If anyone is worried about forced marriages or wants some
government advice on how to get help, this is the phone number
020 7008 0151

John

Tayeb
18-07-2007, 12:00
Once more what you report isn't an institutional coverup, at least there's no such accusation towards any Muslim organization. In this compensation case, object of discussion of this topic your beloved Church, in the person of the then Cardinal and now Pope had a part to play in coverup of these crimes that were committed by depraved priests and religious persons.

It's tip of the iceberg. Many poor victims in the Third World and elsewhere cannot hire lawyers to sue the Church.
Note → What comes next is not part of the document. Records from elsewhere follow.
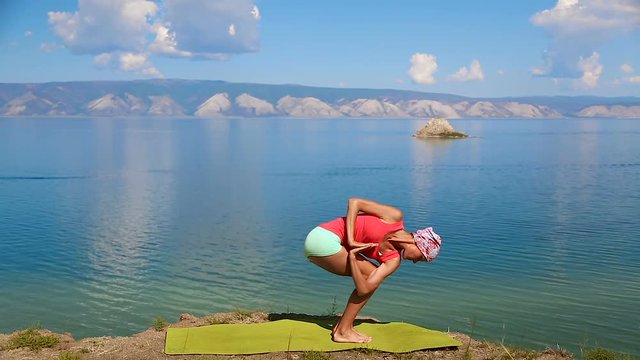 Beautiful slender woman practicing yoga at the edge of the cliff near lake baikal. Brunette girl doing yoga moves. Olkhon Island, Baikal, Russia, Siberia. Healthy Active Lifestyle concept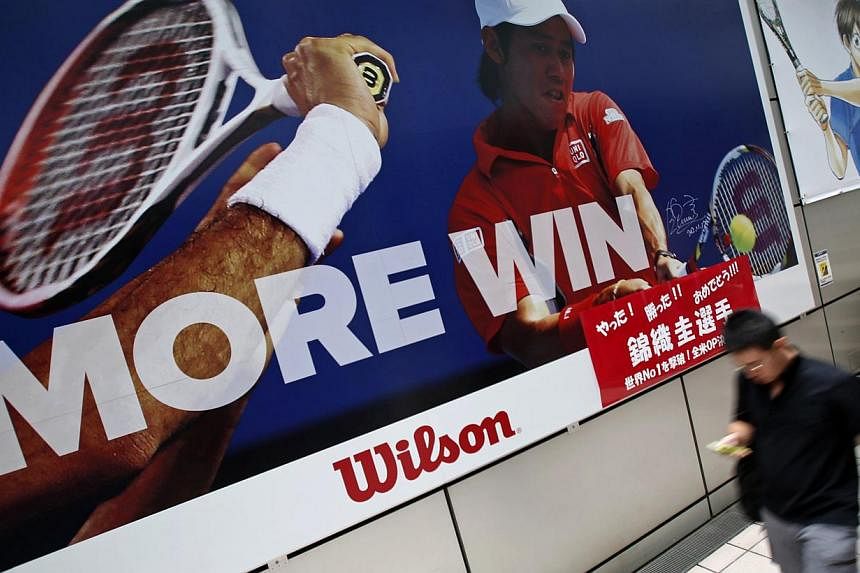A man holding his mobile phone walks in front of a poster of tennis player Kei Nishikori of Japan outside a sports shop in Tokyo on September 8, 2014. -- PHOTO: REUTERS
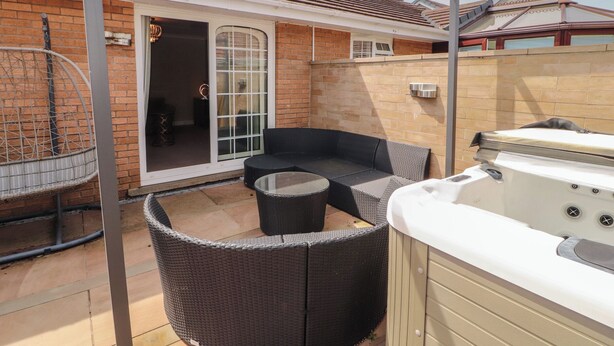 A covered patio area with a hot tub, wicker furniture, and a glass door leading to a garage. - 3 Hawk Place (Whitehaven)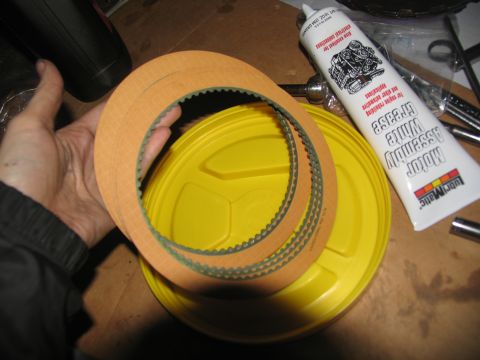 1978 Ford Bronco - Transmission clutch plates and a tube of assembly grease are shown, likely for a rebuild project.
I can explain somehow why the Catholic Church didn't take action. There's a crisis of priests, more retire and die than join priesthood. Celibacy is one of the main problems why these priests abuse children. Being supposedly men of God and ought not undertake sexual acts, their hormones force them to do such acts.

Ma'a-salaama,

Netcurtains3
18-07-2007, 21:09
fascinating evidence of behavioural and cultural divergence
beween yourself and me.

linden branch
19-07-2007, 00:49
What a vapid waste of electronic ether

Netcurtains3
19-07-2007, 19:37
the topic might not be very edifying
but it is the sort of sordid underbelly of religion
that needs to be addressed.
The current Cardinal of England, cardinal cormack,
was promoted to Cardinal after the newpapers
highlighted that he allowed a known sex-abuser
to be a priest to pilgrims at gatwick airport.
Now I am reasonably satisfied that the British Law
enforcers and the English Catholic church have more
or less got their house in order. What I am not
happy with is the current state of Islam in the UK.
I would appreciate it , if this topic was addressed
as much on muslim sites as catholic sex abuse is
covered in Christian sites.
Now I am not particularly happy that cormack is the
cardinal but since he has not broken any law and
is indeed now enforcing laws I can easily live with him
being cardinal.

linden branch
20-07-2007, 05:23
What you are talking about and what is actually occurring in this thread are two different things.

Netcurtains3
20-07-2007, 07:49
Yes, correct,
What I have been trying to talk about is a
semisubconscious eastern cultural practice
of not talking about "bad" things about
"themselves". It was first hi-lighted to me
within the IT industry and then you come
to boards like this and, unlike Catholic
boards, you will never seem to get people
who question or discuss publically anything
negative about their religion. It seems that
about 40 years ago Catholics were like that
- indeed perhaps the west was generally.
Something changed about 1965.... A new
enlightenment of 1960s philosophy summed
up by "Catcher In the Rye" by J. D. Salinger
whose hero wanted to spend his life saving children
and free a generation from being phony.


John

tbahrain
20-07-2007, 08:33
Eastern saying: "If you spit at the sky, it falls back onto your face."

Not sure if there is western equivalent.